Do you remember the Trash Heap?
If you lived through the 80's and were at all exposed to Fraggle Rock, you will.
It's Trash Heap season here in Grand Junction, CO. The city likes to call it "Spring Clean Up Week". It's that week, occurring once each year, when every single family in the city is supposed to remove every ounce of garbage from their homes, and then pile it all on the curb. Amazingly, I think every family actually does this. City workers will be around sometime this week to haul it off.
It's a great idea. I won't complain. We have our own heap right out there in front of the house - the old lawn mower that stopped functioning altogether, a gigantic pile of branches and sticks and other debris from around the yard. There was a dog house out there for about an hour.
Which takes me to the part of Trash Heap week that kind of gets under my skin. It should be assumed that anything you put out in front of your house for the city to haul to the dump will be searched through, thoroughly inspected, and likely hauled off to take up space at someone else's house. I don't know why this bothers me. I have no problem with yard saling, and that's essentially what this is, only it's all free stuff. Last year we put a bunch of junk out. By the time the city guys came around, there were only a couple of branches left. A broken down decorative flower cart, entirely dismantled, now belongs to someone else. There may have been another lawn mower, I can't remember. The dog house wasn't there an hour before some guy came by, stuck it on the hood of his jeep, and drove away (he didn't tie it down or anything! It was rather odd looking.) Something about watching all these people come by and search through ours and our neighbors' trash just skeeves me out. And what start out as gigantic piles of discarded crap end up practically disappearing before Trash Heap Week even officially starts.

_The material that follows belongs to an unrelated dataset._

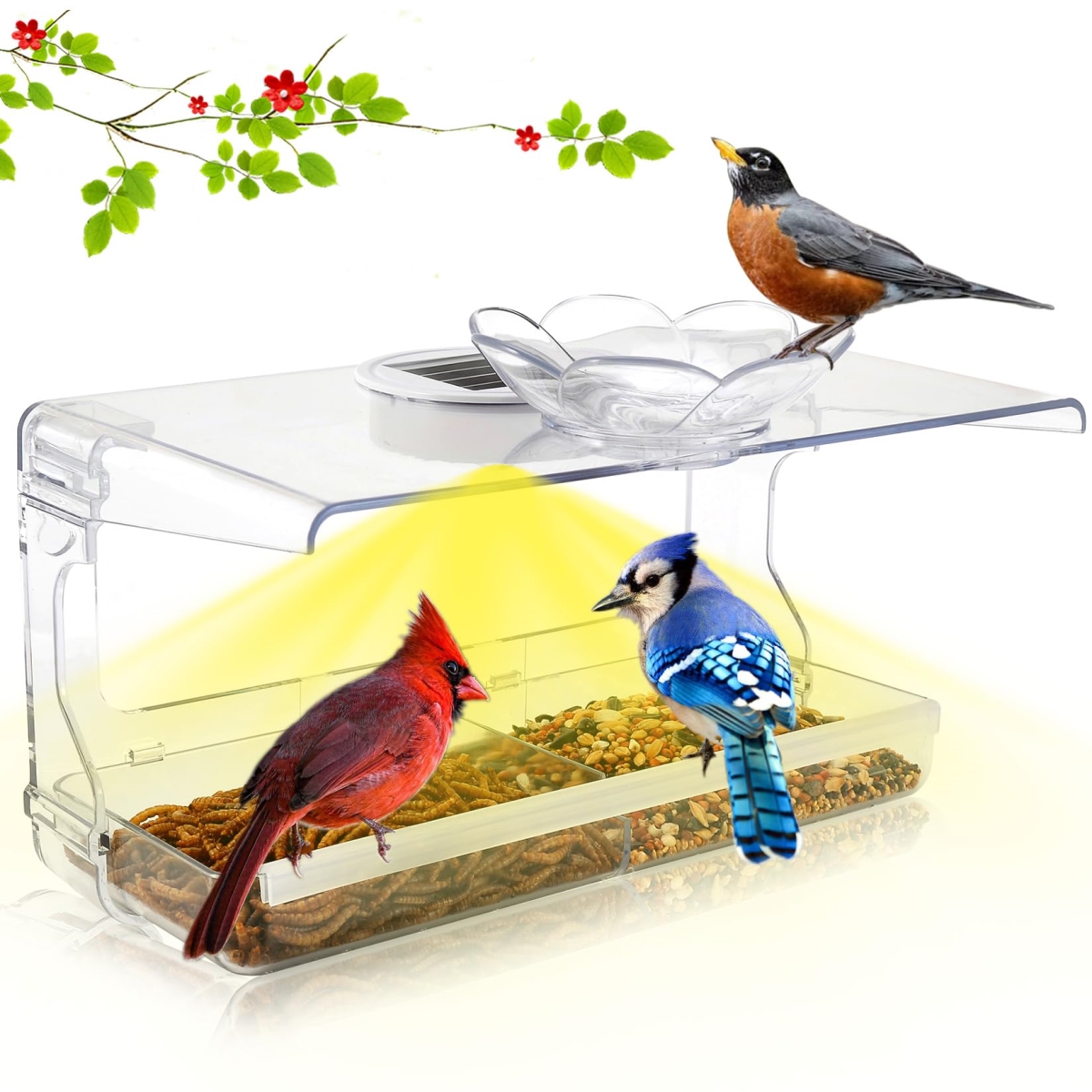 tek  Window Clear Transparent Bird Feeder with Non-Marking Self-Adhesive Hooks, Outdoor Wild Bird Watching Gift, Garden Decor, Solar Light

Not to mention the fact that people have NO PROBLEM stopping in the middle of the flippin' road to search trash heaps. On some streets the trash heaps consume so much of the street that two cars cannot drive past one another. One waits while other passes. Not a problem, until Jim Bob and his pickup, pulling a flat bed trailer, stops in the middle of the f-ing road to have him a gander at all that treasure. Then you're stuck just sitting there, waiting for him to pile more sh#$ into his trailer full of junk... err, treasure... and drive on.
I feel sorry for anyone that comes here from out of town during Trash Heap Week. They must think we're an awfully disgusting bunch of folks, having all that junk piled out on the curb. Or maybe it depends on where they're from. Some of 'em would probably think we're the coolest town in the world, holding a week-long free yard sale like that. I suppose it's all in the eye of the beholder.
Seriously, it's such a special occasion for this redneck town that the local newspaper ran a story on it on the front page of the local section.
It's just a shame our trash heaps aren't full of all the wisdom and sage advice like the Fraggles'. I have several questions I'd love to hear her answer to.